I’m too lazy to also provide a preview for each specific theme, but there aren’t many to begin with, so I suppose it’s fine if I just link them to their respective pages.

I’ll update the list as I find more.

That’s all I’ve managed to find so far. If you know of any more, drop me a message and I’ll add it to the list.

To add, though, I’ve just learned that the Gnome team doesn’t really provide the end user with theme support. It’s a function developed and headed by the community.  

This kinda turns me off regarding Gnome Shell. Especially since it’s a lot of work for theme makers to make updates to their themes every time a new Gnome Shell release rolls out, just to make it work. This makes theme support harder to maintain.

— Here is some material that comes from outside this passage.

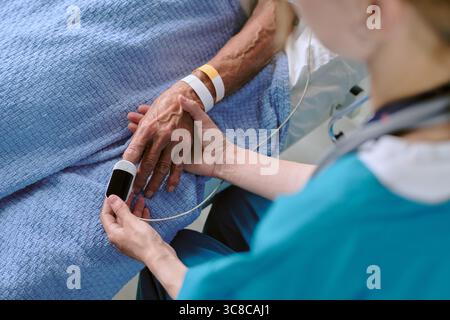 Uomo Nero di mezza età giacente nel letto di ospedale sottoposto a test di pulsossimetria Foto Stock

Too bad, I was starting to like Gnome Shell. I’m also fascinated by Pantheon in Elementary, though. XFCE still has stellar theme support, and so does KDE, so that’s good too, even though I’m not a big fan of the latter.

Enjoy the above mentioned themes however, and the future isn’t exactly that bleak. Some designers do like to update their themes to work with 3.8, it’s just a matter of when they get down to doing it, if they do want to.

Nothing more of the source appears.